Court Opinion

ID: 5533815
Source: CourtListenerOpinion
Date Created: 2022-01-10 18:15:35.982018+00
Date Added: 2024-06-11T08:34:39.161805
License: Public Domain

Meyer, J.
(dissenting). I would affirm. Abandonment of the character upon which the majority insists in this custody proceeding is clearly appropriate when the issue is whether a parent’s constitutional right to raise his or her child or children should be terminated. Matter of Bennett v Jeffreys (40 NY2d 543) was, however, an effort to enunciate a more fluid concept relating to custody as distinct from termination proceedings. Phrased as “extraordinary *211circumstances” the test is not so stringent as abandonment, though abandonment can constitute an extraordinary circumstance. A finding of extraordinary circumstances by itself, however, is not sufficient; that finding is but a predicate for balancing factors relative to each contestant in order to determine where lies the best interests of the child or children whose custody is in issue.
Thus, while it is true that Bennett was not an abandonment case, that fact is irrelevant. Bennett applied the best interests test to determine custody as between a parent and foster parent, because the court found “extraordinary circumstances” in “the protracted separation of mother from child, combined with the mother’s lack of an established household of her own, her unwed state, and the attachment of the child * * * to the custodian” (at p 550). To make the determination of this custody proceeding turn on whether there was “an abandonment as defined by statute” (at p 209), rather than whether the findings made by the Family Court Judge and affirmed by the Appellate Division are sufficient to trigger the best interests test is, simply put, to apply the wrong rule of law.
In my view, the affirmed findings establish extraordinary circumstances. Petitioner did not just refuse to consent to an operation for one of his children (at p 207). Told in July, 1975 of his child Janice’s brain tumor and asked to sign a consent form because the hospital insisted upon it,* he not only refused but told respondent (the foster parent) “If she going to die ain’t nothing we can do about it, let her die”, made no effort to help with the other children though asked to do so by respondent who was visiting the hospital daily, and saw the ill child once in the hospital and once when she came home, and then disappeared from the lives of respondent and his children for over a year.

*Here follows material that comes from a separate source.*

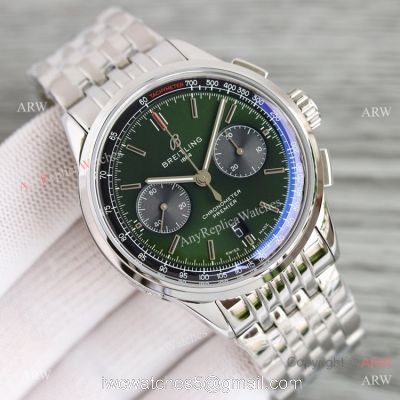 Swiss Breitling Premier B01 Bentley British Racing Green BLS Asia 7750 Chronograph Watch AAA Copy 1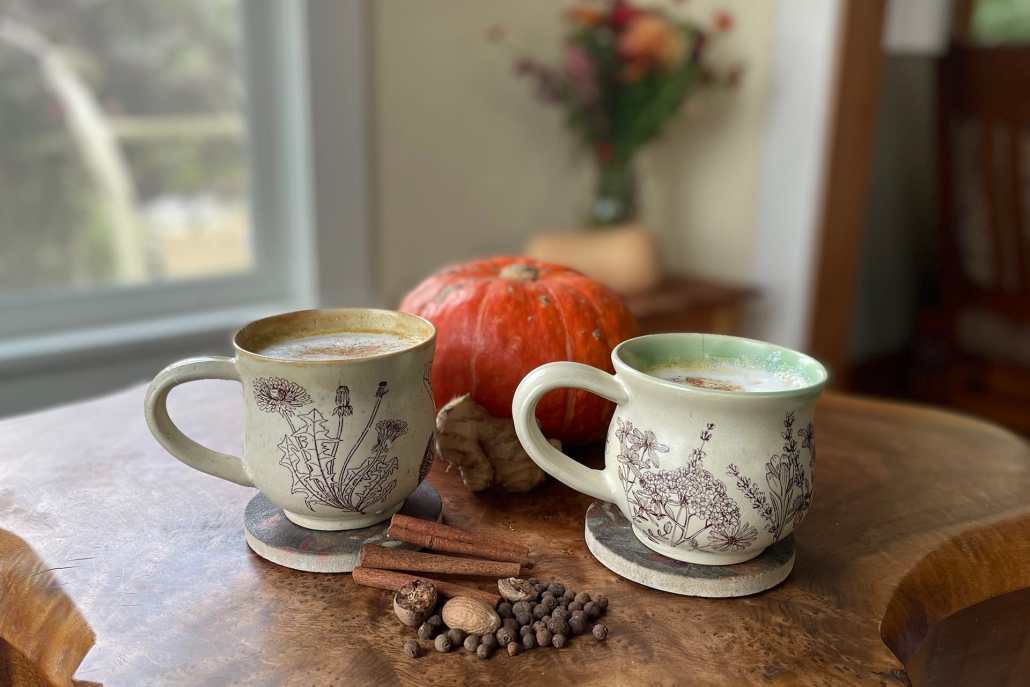 how to make a pumpkin spice latte with healing herbs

If that does not by itself constitute “callous disregard” and “complete indifference” (People ex rel. Anonymous v Anonymous, 10 NY2d 332, 336), the failure to visit with the children on any meaningful basis from the time they were turned over *212to respondent in the fall of 1974 until respondent sought petitioner out in July, 1975 in the effort to get his consent concerning Janice, or to provide support for them, financial or psychological, at any time, adds enough to come within Bennett’s “extraordinary circumstances" rubric.

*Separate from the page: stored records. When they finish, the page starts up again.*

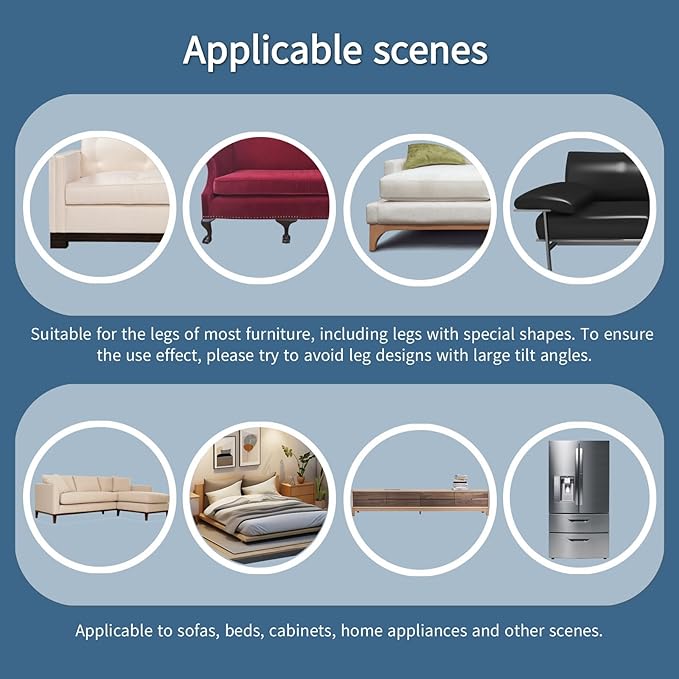 Under Couch Blocker, 394 x 2.75 Inches Under Bed Blocker for Pets - Prevent Lost Toys for Under Furniture with 10 Zip Ties, Couch Accessories (White)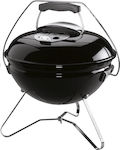 Weber Smokey Joe Premium Ανοξείδωτη Φορητή Charcoal Grill Μαύρη 37cm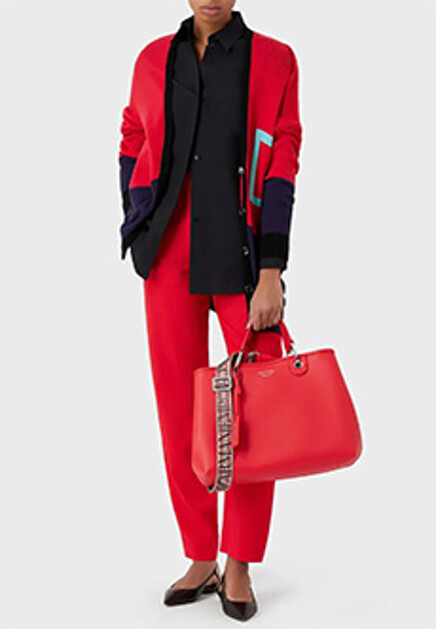 Рубашка из хлопка EMPORIO ARMANI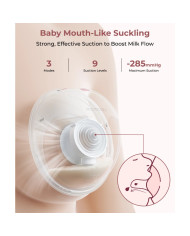 MOMCOZY DIVKĀRŠAIS VIEDAIS PIENA SŪKNIS M5, VADĀMS AR LIETOTNI, PELĒKS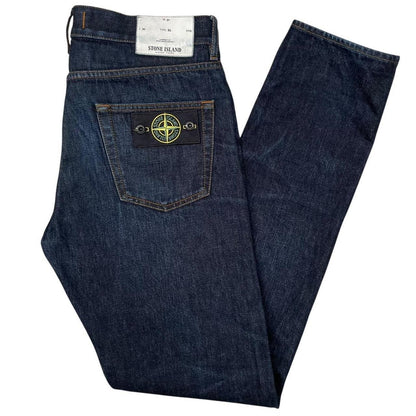 Stone Island AW 2018 Navy Blue Slim Fit Denim Jeans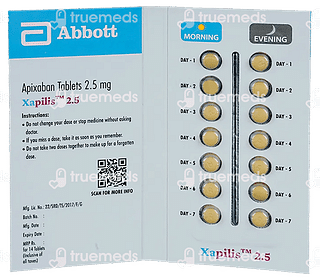 Xapilis 2.5 MG Tablet 14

Not only are extraordinary circumstances established by this record, but also the affirmed findings establish that custody in respondent is in the best interests of the children. As I had occasion to write in Matter of Norman (26 Misc 2d 700, 704): “Second only to love in the parent-child relationship is stability.” Petitioner has given his children neither; respondent has given them both. Petitioner’s parental rights have not been “lost so easily” as the majority (at p 209) suggests; rather he has consciously disregarded them. It may well be that he can establish a new relationship with the children, for even if custody remained, as I think it should, with respondent, he would be entitled to visitation, and, of course, unless his parental rights are hereafter terminated according to statute, he can bring another custody proceeding whenever he has established a relationship with them that warrants his doing so.

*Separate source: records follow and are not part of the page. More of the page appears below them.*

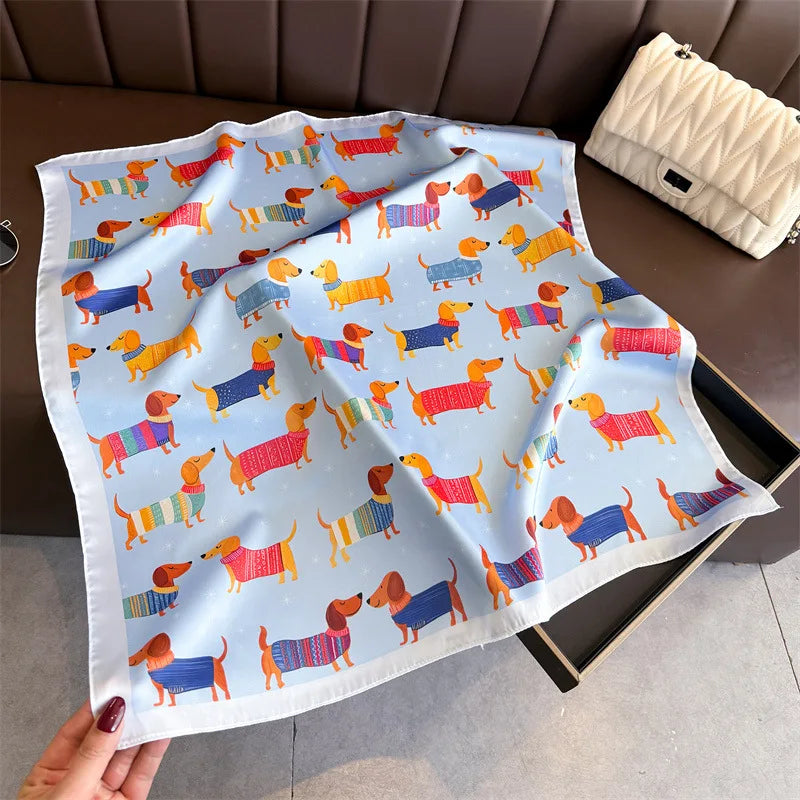 Dachshund Blue Scarf / 65cm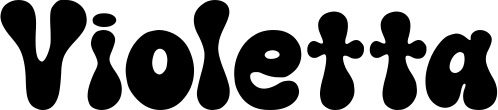 Vorschau des Bootsnamens "Violetta" als Schriftzug für "Bootsbeschriftung Neu 62"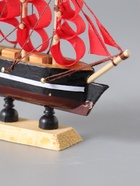 УЦЕНКА Корабль сувенирный малый «Марианна», борта с белой полосой, паруса алые, 3×10×10 см - Фото 8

Judges Jasen, Gabrielli, Jones and Wachtler concur with Chief Judge Cooke; Judges Fuchsberg and Meyer dissent and vote to affirm in separate dissenting opinions.
Order reversed, without costs, and the matter remitted to Family Court, Onondaga County, with directions to grant the petition.

 After petitioner’s refusal the hospital, because of the urgency of Janice’s situation, accepted a consent signed by respondent acting under power of attorney given respondent the previous year by petitioner.